ASSIGNMENT
Every record, apart from its pictures, should be repeated exactly.

------------------------------------------------

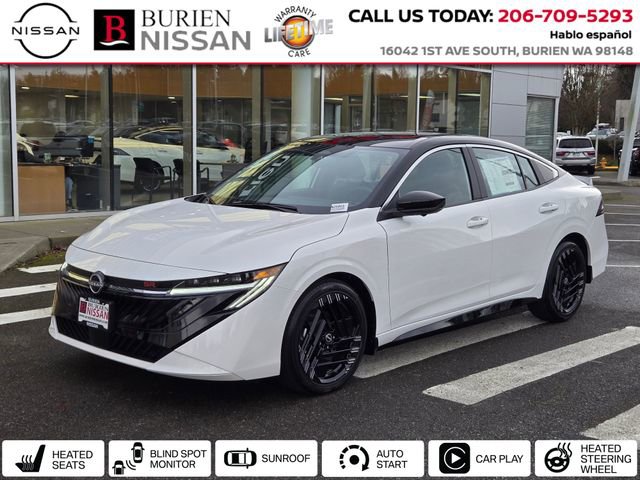 New 2026 Nissan Sentra SR w/ SR Premium Package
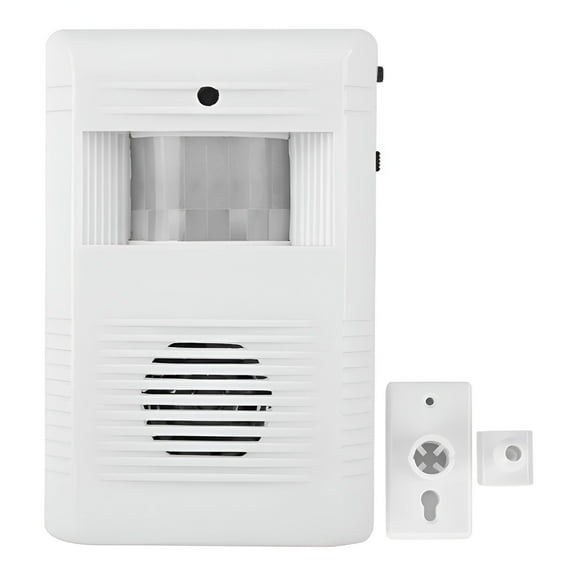 GJX Chime and Doorbell,16 Music IR Independent Motion Sensor Store Home Welcome Door Bell Entry Alarm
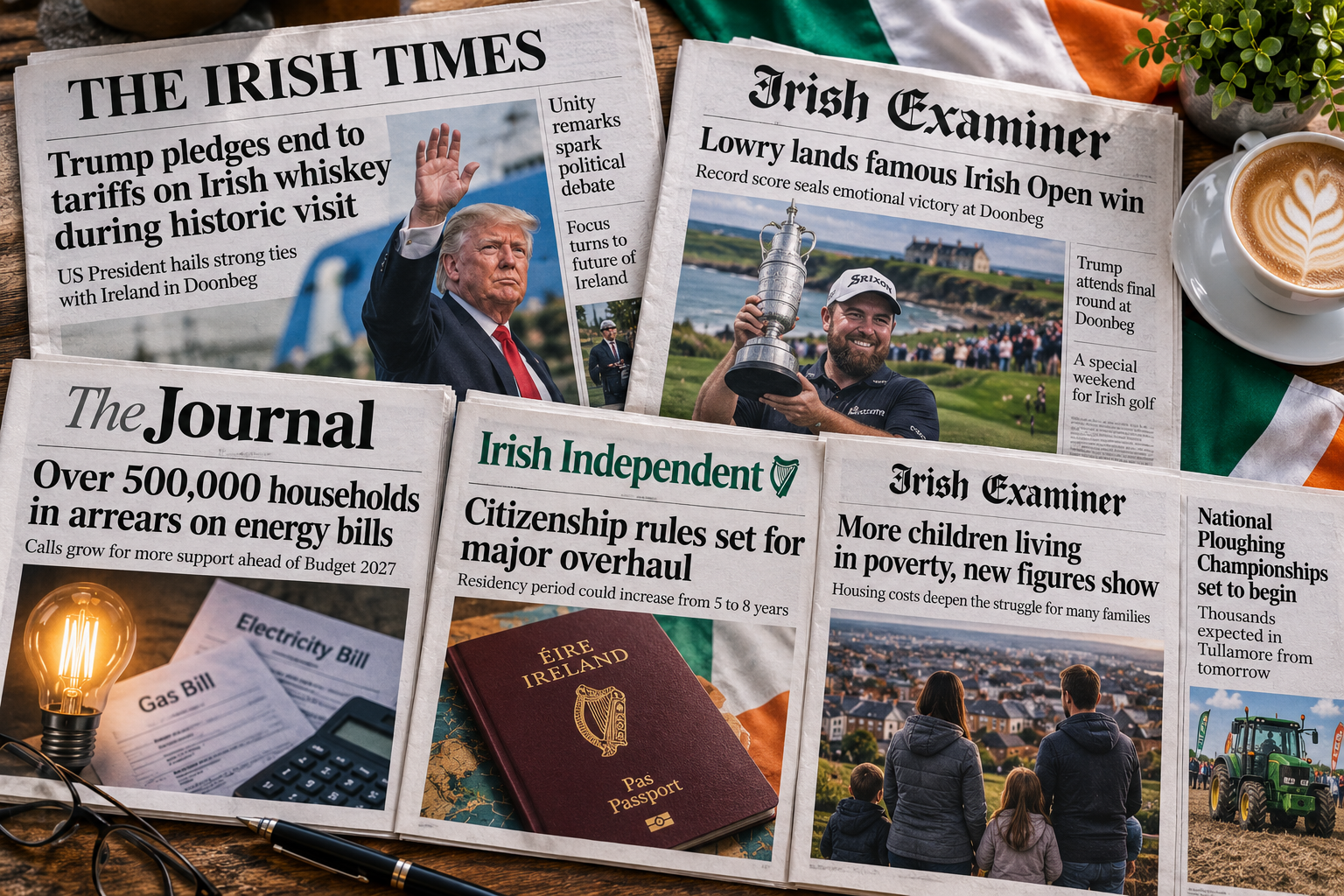 Co dziś najważniejsze w Irlandii? 8 tematów z irlandzkich mediów – 14 września 2026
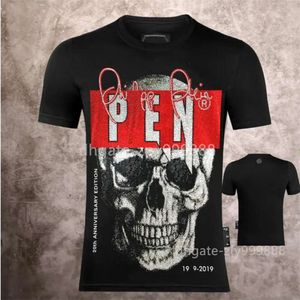 Phillip Plein Skull Philipps Plein Man T-shirts Classical High Quality Hip Hop Philip Plein Tshirts Plein Bear t Shirt Mens Designer TshirtsBC2I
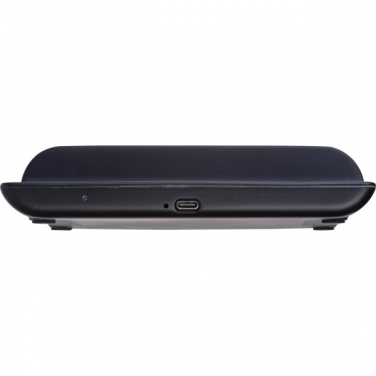 Logotrade corporate gift picture of: Alarm Clock and Wireless Charger ADELAIDE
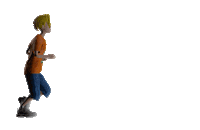 MaviPhoenix 3d running toy phoenix Sticker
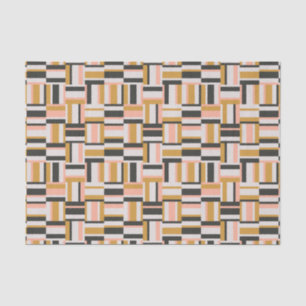 Papel De Seda Teste padrão geométrico da forma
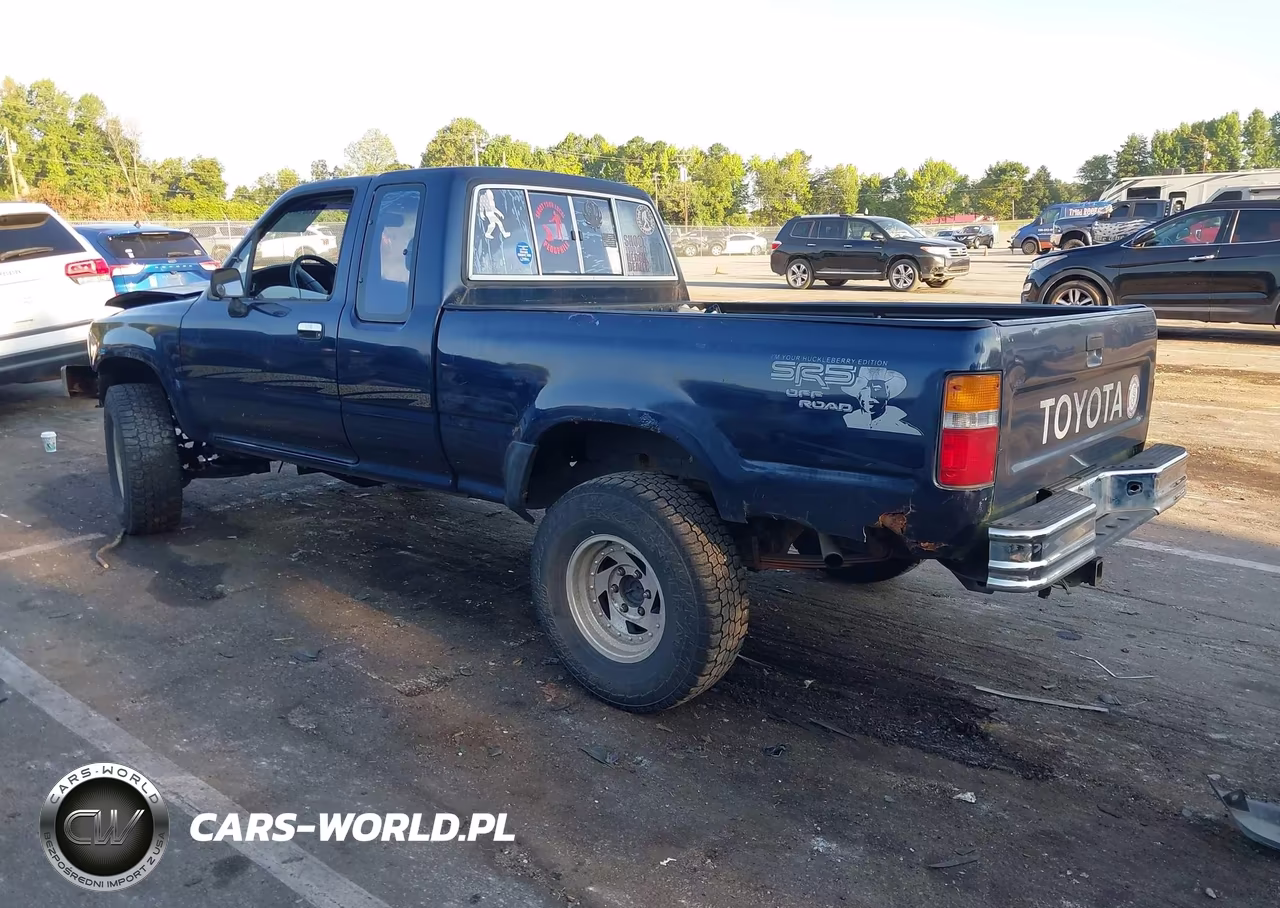 1991 Toyota Pickup 1-2 Ton Ex Lng Whlbse Dlx VIN:JT4RN13P4M6033254 - 3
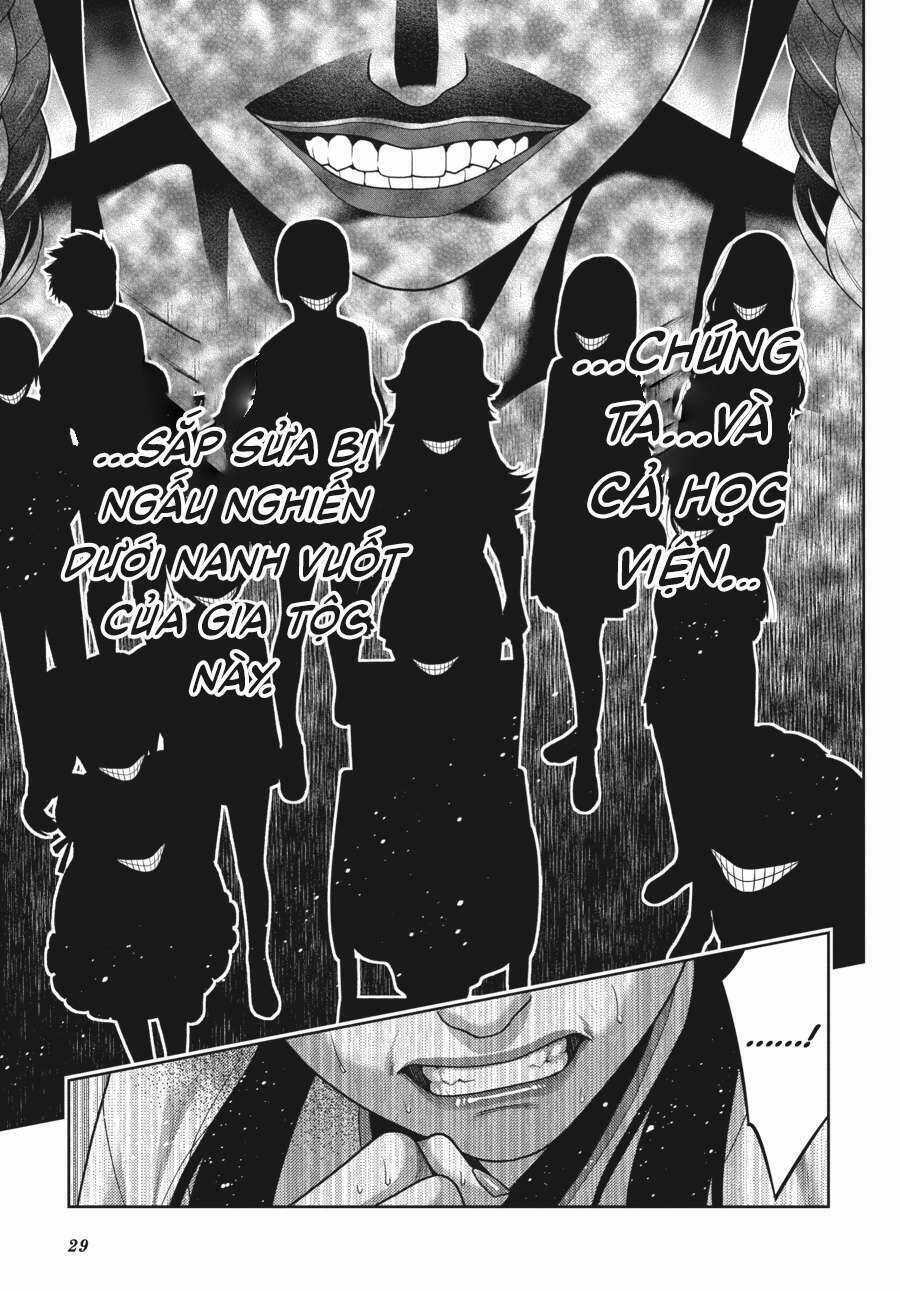 Kakegurui Yorozu Chapter 34 trang 31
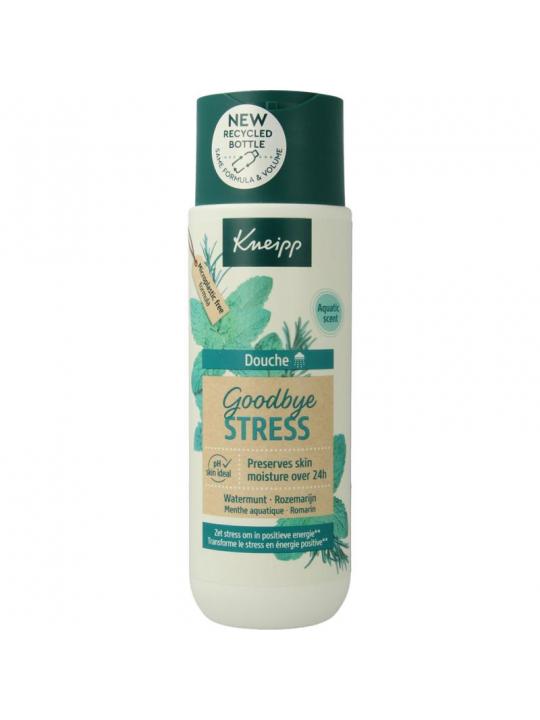 Goodbye stress douche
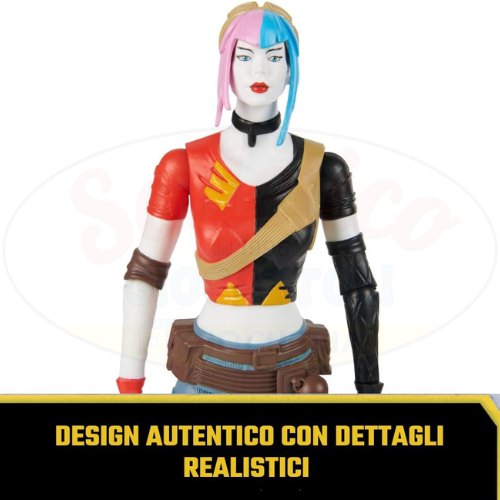 Action Figure Harley Quinn da 30 cm – Stile Fumetti DC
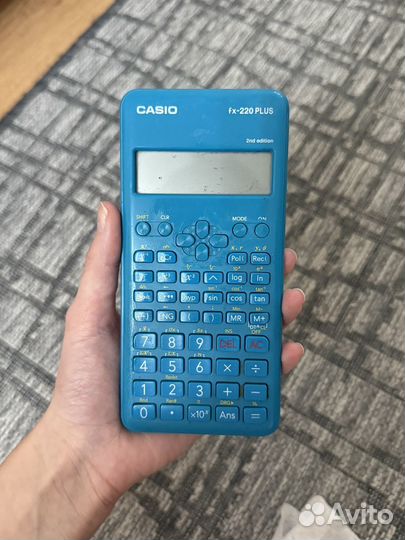 Калькулятор casio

------------------------------------------------

REPLY
 New 2026 Nissan Sentra SR w/ SR Premium Package
 GJX Chime and Doorbell,16 Music IR Independent Motion Sensor Store Home Welcome Door Bell Entry Alarm
 Co dziś najważniejsze w Irlandii? 8 tematów z irlandzkich mediów – 14 września 2026
 Phillip Plein Skull Philipps Plein Man T-shirts Classical High Quality Hip Hop Philip Plein Tshirts Plein Bear t Shirt Mens Designer TshirtsBC2I
 Logotrade corporate gift picture of: Alarm Clock and Wireless Charger ADELAIDE
 MaviPhoenix 3d running toy phoenix Sticker
 Papel De Seda Teste padrão geométrico da forma
 1991 Toyota Pickup 1-2 Ton Ex Lng Whlbse Dlx VIN:JT4RN13P4M6033254 - 3
 Kakegurui Yorozu Chapter 34 trang 31
 Goodbye stress douche
 Action Figure Harley Quinn da 30 cm – Stile Fumetti DC
 Калькулятор casio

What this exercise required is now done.